■ **Work request**:
Using the data below, output a verbatim copy of the lines between the one holding "BOX CONTAINING APPROXIMATELY" and the one holding "Проводка двигателя на Mercedes W203 m111", inclusive, without any pictures.

■ **Input**:
◆ ◆ ◆ ◆ ◆ ◆ ◆
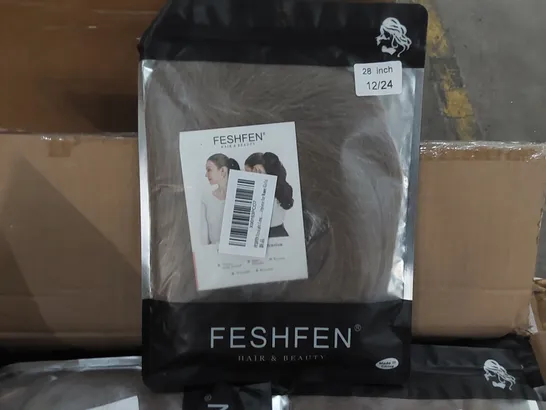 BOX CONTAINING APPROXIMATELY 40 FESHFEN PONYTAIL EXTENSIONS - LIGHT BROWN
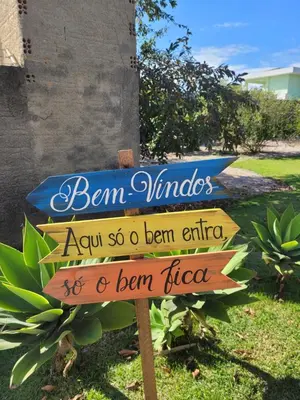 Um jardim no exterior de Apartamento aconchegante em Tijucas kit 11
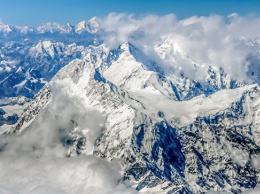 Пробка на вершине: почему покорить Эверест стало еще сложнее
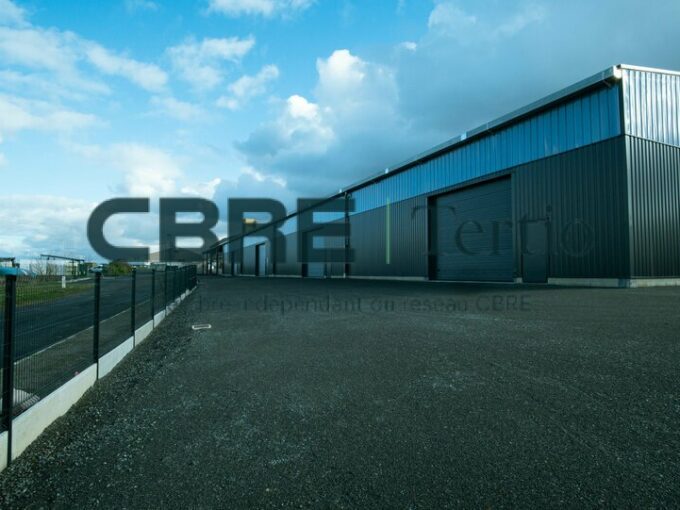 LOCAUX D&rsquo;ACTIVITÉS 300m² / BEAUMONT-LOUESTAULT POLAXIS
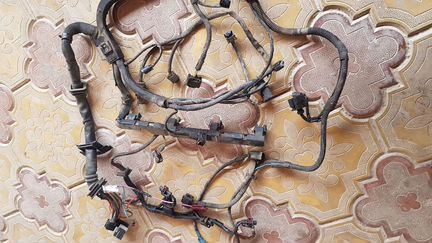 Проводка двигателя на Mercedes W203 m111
◆ ◆ ◆ ◆ ◆ ◆ ◆
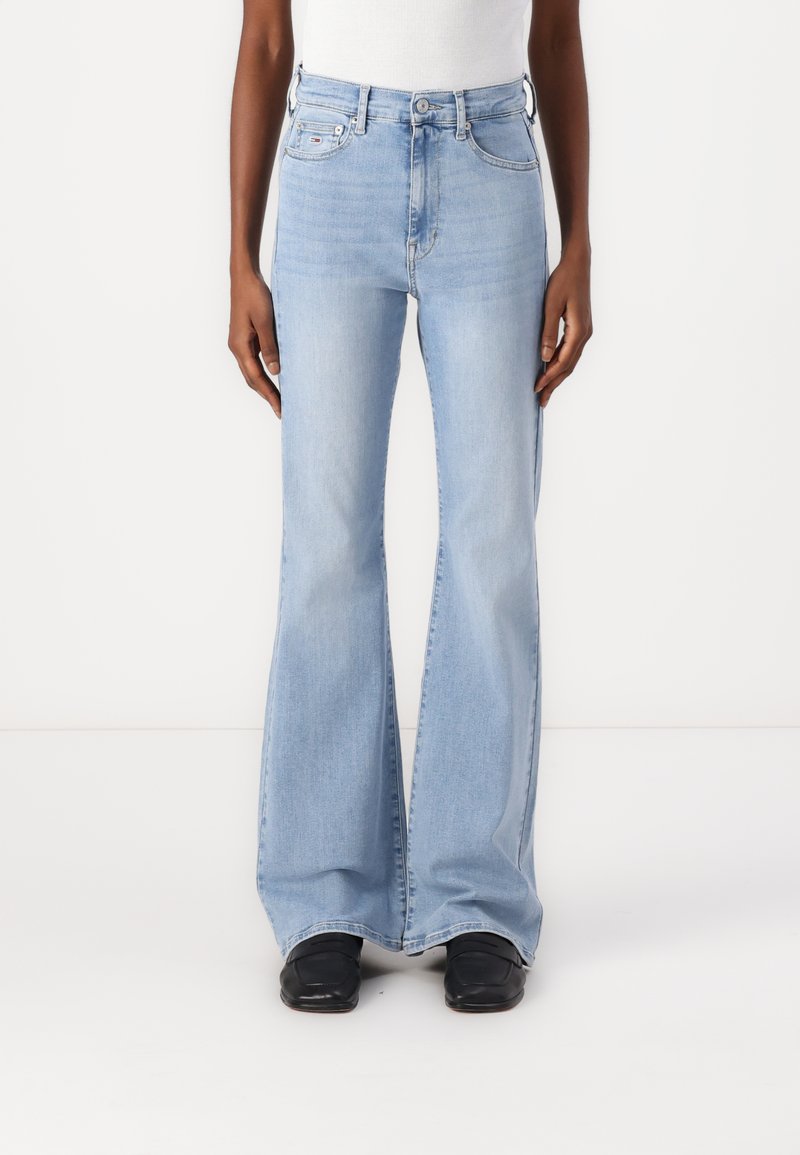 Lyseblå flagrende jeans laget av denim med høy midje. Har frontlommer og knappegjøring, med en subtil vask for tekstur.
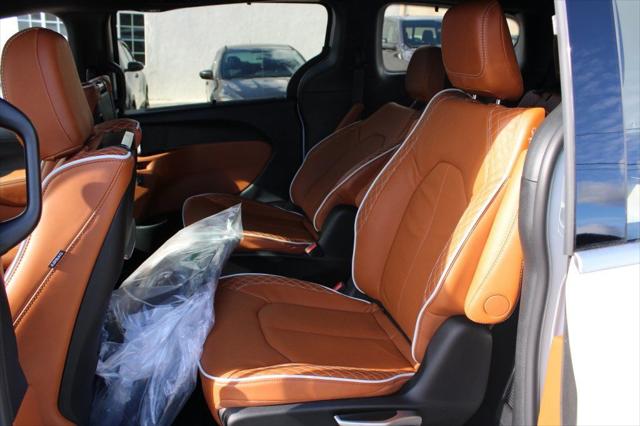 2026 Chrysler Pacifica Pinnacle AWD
◆ ◆ ◆ ◆ ◆ ◆ ◆
■ **Task result**:
 BOX CONTAINING APPROXIMATELY 40 FESHFEN PONYTAIL EXTENSIONS - LIGHT BROWN
 Um jardim no exterior de Apartamento aconchegante em Tijucas kit 11
 Пробка на вершине: почему покорить Эверест стало еще сложнее
 LOCAUX D&rsquo;ACTIVITÉS 300m² / BEAUMONT-LOUESTAULT POLAXIS
 Проводка двигателя на Mercedes W203 m111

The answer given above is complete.